= Your goal =
Exclude every picture and return the remaining entries below verbatim.

*** Given records

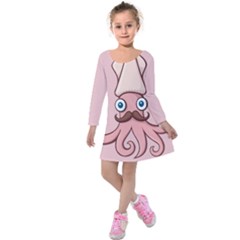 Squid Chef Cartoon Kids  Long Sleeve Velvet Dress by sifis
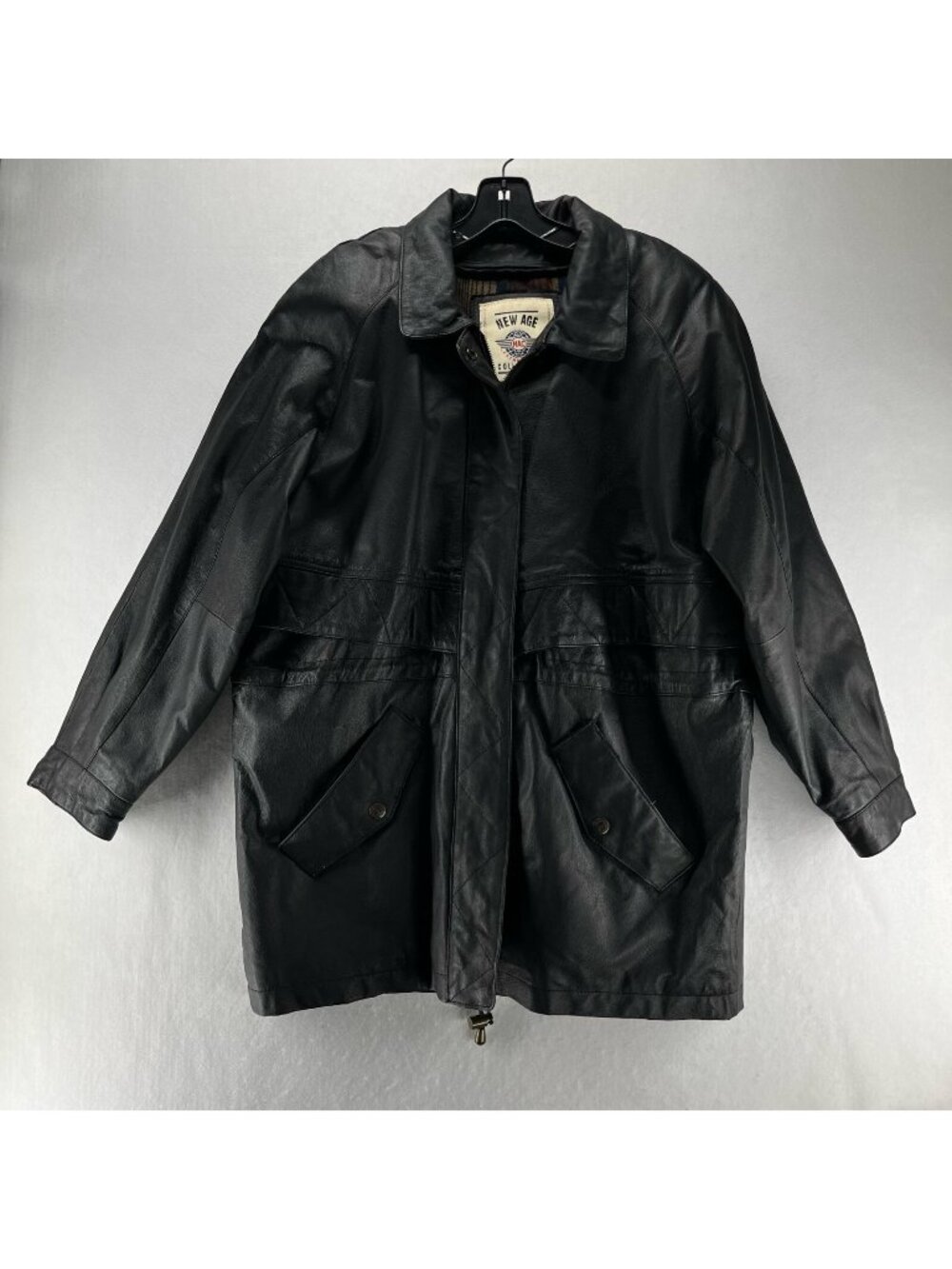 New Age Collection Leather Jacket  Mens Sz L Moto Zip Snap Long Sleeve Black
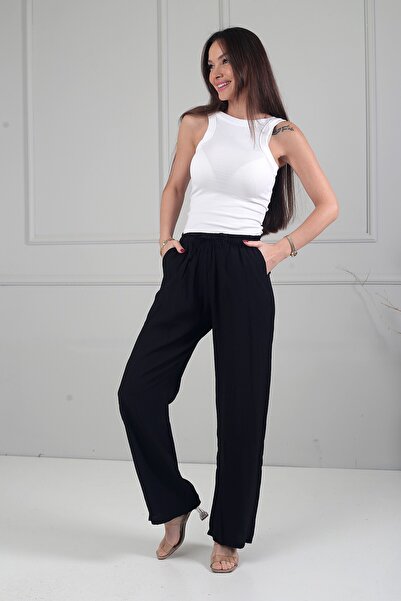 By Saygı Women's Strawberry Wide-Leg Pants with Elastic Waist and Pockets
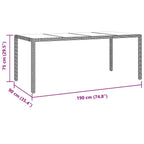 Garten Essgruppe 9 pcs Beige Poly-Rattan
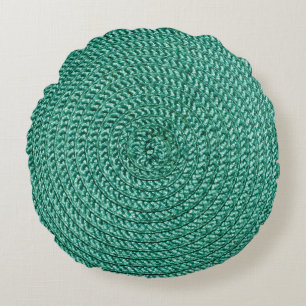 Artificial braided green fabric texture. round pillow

******

= Exercise answer =
 Squid Chef Cartoon Kids  Long Sleeve Velvet Dress by sifis
 New Age Collection Leather Jacket  Mens Sz L Moto Zip Snap Long Sleeve Black
 By Saygı Women's Strawberry Wide-Leg Pants with Elastic Waist and Pockets
 Garten Essgruppe 9 pcs Beige Poly-Rattan
 Artificial braided green fabric texture. round pillow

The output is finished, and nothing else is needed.